1°. Ainsi, si l’on a accordé une treve seulement pour enterrer les morts, on n’est pas pour cela en droit d’entreprendre tranquillement quelque chose de nouveau, qui apporte quelque changement à l’état des choses : on ne peut, par exemple, pendant ce tems-là, se retirer dans un port plus sûr, ni se retrancher, &c. car premierement, celui qui a accordé une courte treve pour enterrer les morts, ne l’a accordée que pour cela, & il n’y a nulle raison de l’étendre au-delà du cas dont on est convenu ; d’où il s’ensuit, que si celui à qui on l’a accordée, vouloit en profiter pour se retrancher, par exemple, ou pour quelqu’autre chose, l’autre seroit en droit de l’empêcher par la voie des armes : le premier ne sauroit s’en plaindre, car on ne sauroit prétendre raisonnablement qu’une treve conclue pour enterrer les morts & restrainte à ce seul acte, donne droit d’entreprendre & de faire tranquillement quelqu’autre chose ; tout ce à quoi elle oblige celui qui l’a accordée, c’est à ne point s’opposer par la force à l’enterrement des morts, il n’est tenu à rien de plus ; cependant Puffendorf est dans un sentiment contraire.

C’est en conséquence des mêmes principes, que l’on suppose que par la treve, on ait seulement mis les personnes à couvert des actes d’hostilité, & non pas les choses ; en ce cas-là, si pour défendre ses biens on fait du mal aux personnes, on n’agit point contre l’engagement de la treve ; car par cela même qu’on a accordé de part & d’autre une sûreté pour les personnes, on s’est aussi réservé le droit de défendre ses biens du dégât ou du pillage ; ainsi la sûreté des personnes n’est point générale, mais seulement pour ceux qui vont & viennent sans dessein de rien prendre à l’ennemi, avec qui on a fait cette treve limitée.

Toute treve oblige les parties contractantes, du moment que l’accord est fait & conclu ; mais à l’égard des sujets de part & d’autre, ils ne sont dans quelque obligation à cet égard, que quand la treve leur a été solemnellement notifiée.
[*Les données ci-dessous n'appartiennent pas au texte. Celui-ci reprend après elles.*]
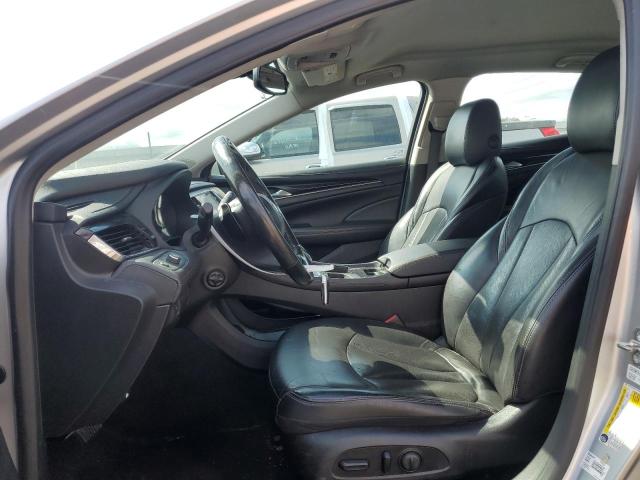 1G4ZP5SS2HU182833 - 2017 BUICK LACROSSE ESSENCE Gümüş foto 7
Il suit de là, que si avant cette notification, les sujets commettent quelque acte d’hostilité, ou font quelque chose contre la treve, ils ne seront sujets à aucune punition ; cependant les puissances qui auront conclu la treve doivent dédommager ceux qui auront souffert, & rétablir les choses dans le premier état, autant que faire se pourra.

Enfin, si la treve vient à être violée d’un côté, il est certainement libre à l’autre des parties de reprendre les armes, & de recommencer la guerre sans aucune déclaration préalable ; que si l’on est convenu d’une peine payable par celui qui violeroit la treve, si celui-ci offre la peine, ou s’il l’avoit subie, l’autre n’est point en droit de recommencer les actes d’hostilité avant le terme expiré ; bien entendu qu’outre la peine stipulée, la partie lésée est en droit de demander un dédommagement de ce qu’elle a souffert par l’infraction de la treve ; mais il faut bien remarquer que les actions des particuliers ne rompent point la treve, à-moins que le souverain n’y ait quelque part, ou par un ordre donné, ou par une approbation, & le souverain est censé approuver ce qui a été fait, s’il ne veut ni punir, ni livrer le coupable, ou s’il refuse de rendre les choses prises pendant la suspension d’armes. Principes du Droit politique, tom. II. (D. J.)

Treve, (Jurisprud.) ce terme a dans cette matiere différentes significations.

Treve, du latin trivium, signifie dans les anciens titres un carrefour où aboutissent trois chemins.

Treve, en quelques pays, comme en Bretagne, signifie une église qui est succursale d’une paroisse.